Where equation (4) is the continuity equation (based on mass conservation) and equation (5) is the momentum balance equation. \(\nu\) is the kinematic viscosity and \(p\) the kinematic pressure.

Tip

There are many books and resources out there on the derivation of the Navier-Stokes equations, including many in an OpenFOAM context. We really like Tobias Holtzmann’s book. Have a look! There is also the new book by CFD direct.

An alternative are Continuum simulation. In continuum simulations, averaged properties of control volumes are used to describe flow. The two key parameters of such continuum simulations are the porosity and the permeability of the control volumes. Porosity is the void space in each control volume and permeability describes how well fluids are transported along a pressure gradient. Both properties are correlated but the exact relationship often needs to be emperically determined, or predicted by Digital Rock Physics methods.

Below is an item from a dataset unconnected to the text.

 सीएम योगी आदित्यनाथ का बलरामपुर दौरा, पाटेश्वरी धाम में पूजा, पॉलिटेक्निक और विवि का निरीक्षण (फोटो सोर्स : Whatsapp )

Flow on the continuum-scale is described by Darcy’s law.

(6)\[\vec{u} = - \frac{k}{\mu_f} (\nabla p -\rho \vec{g})\]

Here \(\vec{u}\) is the so-called Darcy velocity, which is the average flow through a porous media (we will get to this later but this is pore velocity weighted by the porosity \(\vec{u}=\epsilon \vec{v}\) , with \(\epsilon\) being the porosity and \(\vec{v}\) the fluid’s pore velocity). The involved constants are viscosity, \(\mu_f\), and permeability, \(k\) . Extensive theoretical work helped to elucidate the relationship between Navier-Stokes flow and Darcy flow, which was first derived as a phenomelogical equation.

Tip

There is a great pdf on the relationship between Navier-Stokes and Darcy flow on the webpages of Cyprien Soulaine.

Note that direct and continuum simulations are not per se related to absolute scales (like mm vs meters) but simply refer to differing relative length scales / processes that are resolved.